Government programmes no longer start – they are “rolled out”, something that used to happen mainly to barrels.

But today the Work and Pensions Secretary took the term to new peaks.

“I intend to roll out a clear statement in the autumn about how and when we will roll this out,” he declared at one point. 

Since instead of fuddy duddy old “pilots” we now have “pathfinders”, he insisted that universal credit was not just “succeeding but progressing”. He said: “It is progressing because we have already started to roll out the pathfinders.”

In case we should doubt this optimism in the face of the National Audit Office’s excoriation of what it described as “weak management, poor governance”, he told MPs that he was not being “over-bullish”. Certainly no-one could accuse him of being under-bullish.
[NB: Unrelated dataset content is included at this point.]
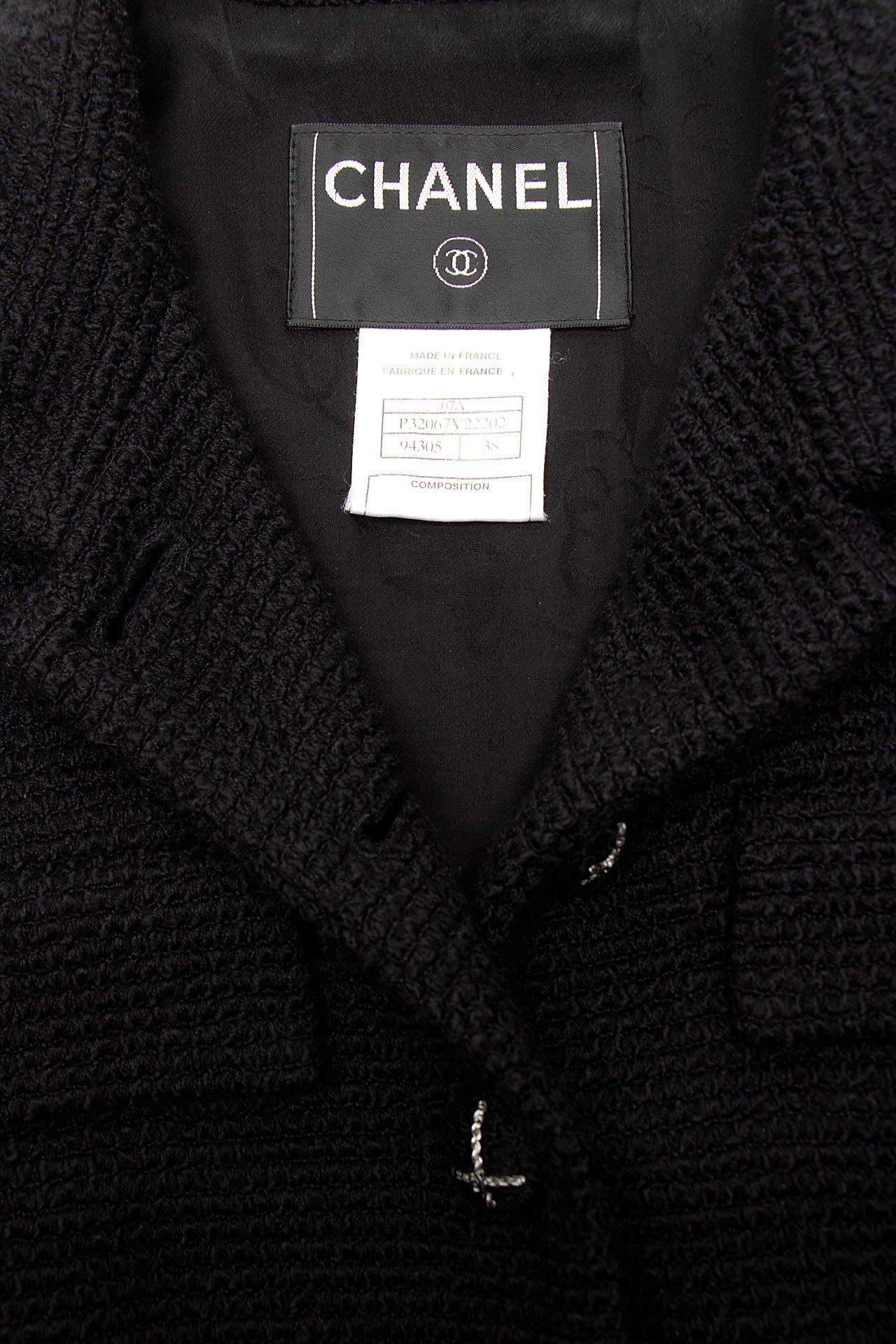 Chanel Paris / Monaco CC Buttons Black Silk Tweed Jacket For Sale 1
Forget about the “historic” problems highlighted in the report. Jobseekers’ allowance and tax credit, which the new system will replace, would be closed down “well before the election”.

About a dozen times, at a rough count, Duncan Smith promised to deliver the programme “on time and on budget” – or occasionally, for the sake of variation, “on budget and on time”.

This gelled with the defence against his shadow Liam Byrne’s charge that having said in  March that the programme was “proceeding exactly in accordance with plans” he had “let this House form a picture of universal credit  which the nation’s auditors say is wrong”.

The subtext of that defence seemed to be that yes, the IT  system was a total shambles  but because he had then “re-set”  it, there was no need to bother  MPs with the turbulent, but essentially irrelevant, backstage goings on.

Now that they were in the open, his explanations for who was to blame for those  goings-on were somewhat varied.

“I am not blaming civil servants,” he insisted, before adding in the same breath that he “made decisions that led to the removal  of some of those who were  charged with the responsibility of delivering this”.

So that was clear. He was not blaming those civil servants who he didn’t sack.

But none of this really mattered because it was all now on target. Quite a gamble.

Or put another way, the Duncan Smith career could now depend on a roll-out of the dice.